590 MADISON AVENUE, 31ST FLOOR
NEW YORK, NY10022
Former 10% Owner
Corbin Opportunity Fund, L.P.
590 MADISON AVENUE, 31ST FLOOR
NEW YORK, NY10022
Former 10% Owner
Corbin ERISA Opportunity Fund, Ltd.
590 MADISON AVENUE
31ST FLOOR
NEW YORK, NY10022
Former 10% Owner
Corbin Capital Partners GP, LLC
590 MADISON AVENUE
31ST FLOOR
NEW YORK, NY10022
Former 10% Owner
Signatures
Corbin Opportunity Fund, L.P., By: Corbin Capital Partners, L.P., its investment advisor, By: /s/ Daniel Friedman, as General Counsel 08/04/2022
Signature of Reporting Person Date
Corbin ERISA Opportunity Fund, Ltd., By: Corbin Capital Partners, L.P., its investment advisor, By: /s/ Daniel Friedman, as General Counsel 08/04/2022
Signature of Reporting Person Date
Corbin Capital Partners, L.P., By: /s/ Daniel Friedman, as General Counsel 08/04/2022
Signature of Reporting Person Date
Corbin Capital Partners GP, LLC, By: /s/ Daniel Friedman, as Authorized Signatory 08/04/2022
Signature of Reporting Person Date
Explanation of Responses:
( 1 )Held directly by Corbin Opportunity Fund, L.P., a Delaware limited partnership ("COF"). Corbin Capital Partners, L.P., a Delaware limited partnership ("CCP") is the investment advisor to COF and may be deemed to have beneficial ownership over the Class A Ordinary Shares held by COF. Corbin Capital Partners GP, LLC, a Delaware limited liability company ("Corbin GP") is the general partner of CCP and may be deemed to share beneficial ownership over the Class A Ordinary Shares held by COF over which CCP shares beneficial ownership.

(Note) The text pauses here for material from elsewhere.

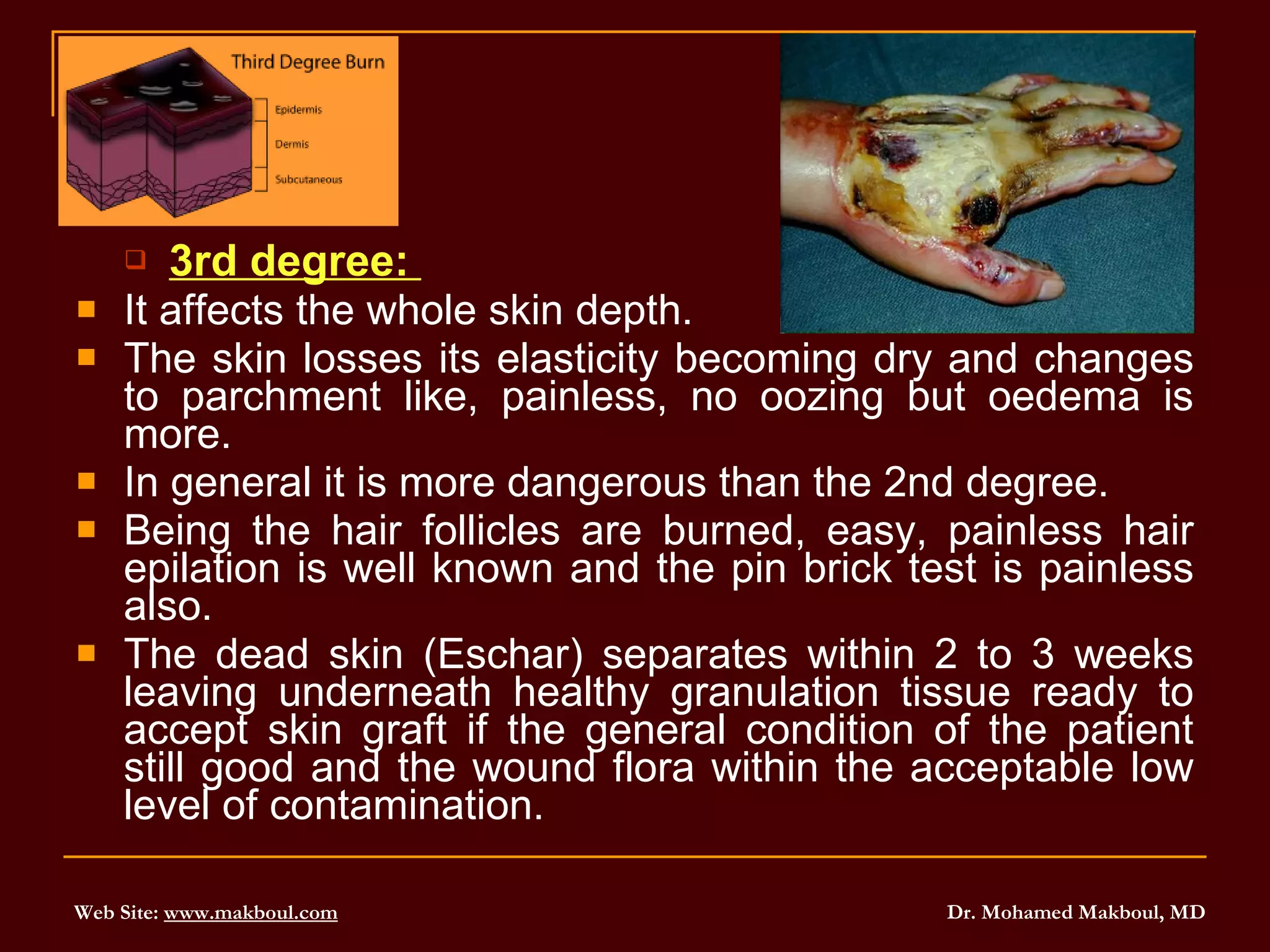 3rd degree:  It affects the whole skin depth.  The skin losses its elasticity becoming dry and changes to parchment like, painless, no oozing but oedema is more.  In general it is more dangerous than the 2nd degree.  Being the hair follicles are burned, easy, painless hair epilation is well known and the pin brick test is painless also.  The dead skin (Eschar) separates within 2 to 3 weeks leaving underneath healthy granulation tissue ready to accept skin graft if the general condition of the patient still good and the wound flora within the acceptable low level of contamination.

( 2 )Held directly by Corbin ERISA Opportunity Fund, Ltd., a Cayman Islands exempted company ("CEOF"). CCP is the investment advisor to CEOF and may be deemed to have beneficial ownership over the Class A Ordinary Shares held by CEOF. Corbin GP is the general partner of CCP and may be deemed to share beneficial ownership over the Class A Ordinary Shares held by CEOF over which CCP shares beneficial ownership.

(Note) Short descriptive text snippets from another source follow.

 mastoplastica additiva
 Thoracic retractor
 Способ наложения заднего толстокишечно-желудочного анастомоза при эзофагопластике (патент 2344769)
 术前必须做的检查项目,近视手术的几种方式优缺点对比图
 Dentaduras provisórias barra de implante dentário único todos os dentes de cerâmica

( 3 )Each of COF, CEOF, CCP and Corbin GP (the "Reporting Persons") disclaims beneficial ownership of all reported shares except to the extent of their pecuniary interest therein and the inclusion of the shares in this report shall not be deemed to be an admission of beneficial ownership of the reported shares for the purposes of Section 16 or otherwise.

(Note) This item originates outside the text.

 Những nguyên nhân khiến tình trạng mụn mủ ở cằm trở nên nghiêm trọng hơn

( 4 )The price reported in Column 4 is a weighted average price. These Class A ordinary shares, par value $0.0001 per share (the "Class A Ordinary Shares") of L&F Acquisition Corp. (the "Issuer") were sold in multiple transactions at prices ranging from $14.40 to $14.425, inclusive. The Reporting Persons undertake to provide to any security holder of the Issuer or the staff of the Securities and Exchange Commission, upon request, full information regarding the number of Class A Ordinary Shares sold at each separate price within the ranges set forth in the footnotes of this Form 4.

Remarks:
On August 3, 2022, the Issuer's Business Combination, as defined and described in the Issuer's proxy statement/prospectus included in its Registration Statement on Form S-4, as amended, was consummated. As a result of the issuance of additional shares in the Business Combination, the Reporting Persons no longer beneficially own more than 10% of the Issuer's securities, which now trade under the name ZeroFox Holdings, Inc.